The Lady From the Sea

Joely Richardson follows in her family’s footsteps as the heroine of Ibsen’s mysterious play.

Natasha Tripney

Natasha Tripney

| London |

March 1, 2012

Joely Richardson in
The Lady From the Sea
(© Johan Persson)
Joely Richardson in
The Lady From the Sea
(© Johan Persson)

There’s a pleasing sense of continuity in Stephen Unwin’s production of Henrik Ibsen’s The Lady From the Sea at the Rose Theatre, as Joely Richardson, as the enigmatic Ellida Wangel, is playing a role that was previously performed by both her mother, Vanessa Redgrave, and her late sister, Natasha.

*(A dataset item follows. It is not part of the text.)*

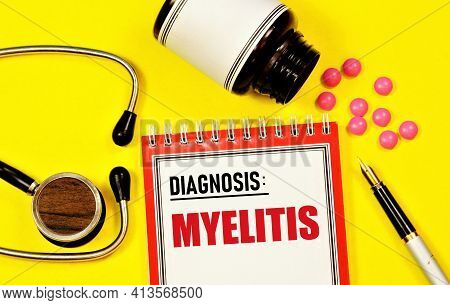 Myelitis. The Text Label Of The Medical Diagnosis. Treatment With Medications And Procedures.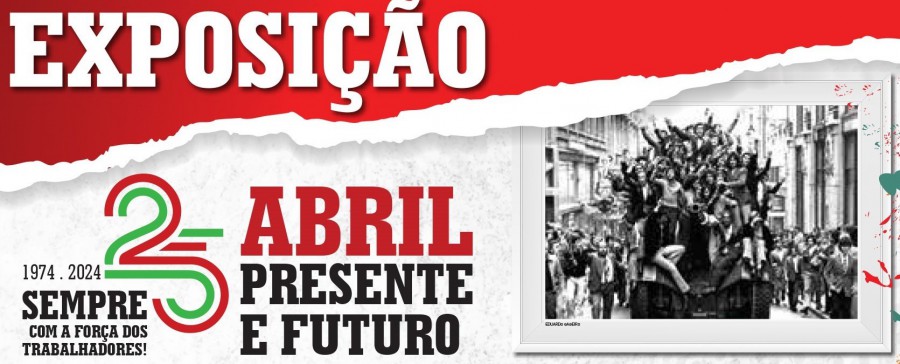 Na Casa Bocage em Setúbal Exposição 50 Anos do 25 de Abril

But while there’s clearly a lot at stake emotionally, Richardson is hindered by a production that is at best proficient and often rather pedestrian, instead of mythic.
As the beautiful and much younger second wife of the respectable but dull Dr Wangel (Malcolm Storry), Richardson has a suitably otherworldly beauty, with her elegant, willowy and almost white blonde hair.


Unfortunately, she appears fidgety and fluttery rather than torn by forces beyond her control. She takes the character’s inner restlessness and makes it external, pacing, twisting, long fingers flying to her face.


Interestingly, the most compelling scenes are those in which Richardson isn’t featured. Madeline Worrall is incredibly touching as Wangel’s intelligent and homely daughter, Bolette, who reluctantly comes to realize that an attachment to her debonair but aging tutor, Arnholm (played with warmth and charm by Richard Dillane) is her only means of escape from the quiet, restrictive town in which they live.

Sam Crane also gives a moving and poignant performance as the delicate but blithely good-humoured, if rather pompous, Lingstrand, the young would-be artist who is clearly unlikely to recover from his little “weakness” of the chest. The puppyish manner in which he chases after Wangel’s younger daughter, the brittle and cruel Hilde (Alexandra Moen), is quite wrenching to watch.

Despite intermittent moments of intensity, the pacing is often slow, the translation seems too pared down, and the emotional landscape curiously flat. As a result, Ellida’s sense of torment is only fitfully conveyed. There is little sense of her connection and attraction to Gudmundur Thorvaldsson’s returning sailor, and Ellida’s choice to stay with her husband — to abandon her ties to her past and finally become a wife and mother — is made of her “own free will.”

Inddeed, like Simon Higlett’s set — a sweeping curl of sun-bleached decking — the production is elegant, but lacks mystery and turbulence. The churning of the waves and the lure of deep, dark currents are things spoken of, but never fully evoked.